# Need lacing advice...



## guzziworksman (Sep 5, 2020)

I'm attempting to lace some new Worksman 26" rims. Pretty sure I have the pattern correct - 3 Over, matches a factory-laced rim I have. But even with the nipples turned all the way in - everything's loose. As if 1/4" shorter spokes would have worked. The new spokes/rim are the correct sizes. I'm reusing my hub - from a 24" Worksman wheel...and was told the hubs don't change in size from 24: to 26". Could that be my problem? Or did I do some rookie mistake? I've laced a few wheels in the past, and they always worked out.
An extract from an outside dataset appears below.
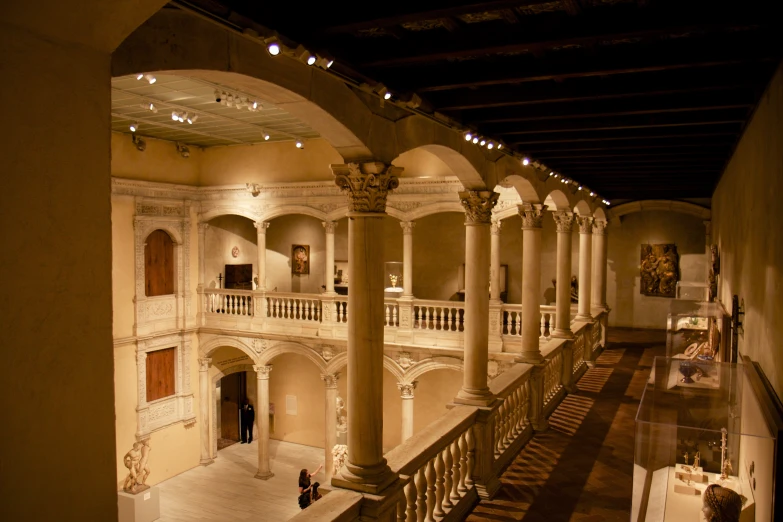 a building with many pillars and white decorations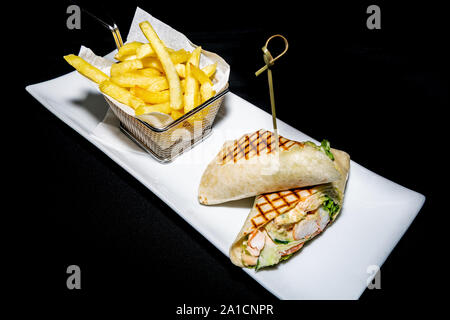 Una gustosa di gamberi e avocado servito in una tortilla avvolgere con salsa di frutti di mare e accompagnato con un lato di patatine fritte Foto Stock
This one has me stumped. Thanks.


----------



## SKPC (Sep 5, 2020)

Yes, something went wrong in your spoke length calculation perhaps.  Go online and use the actual measurements of your rim and hub required to calculate spoke length and see what new figure you come up with.  Either this or 4-cross instead of 3?  I like this one below..





						#1 Wheel Building SPOKE CALCULATOR Now Online | PROWHEELBUILDER | Prowheelbuilder.com
					

This spoke calculator is provided only as a guide for your convenience in determining spoke lengths for your order. Select your components to quickly get a spoke length or you can enter them manually.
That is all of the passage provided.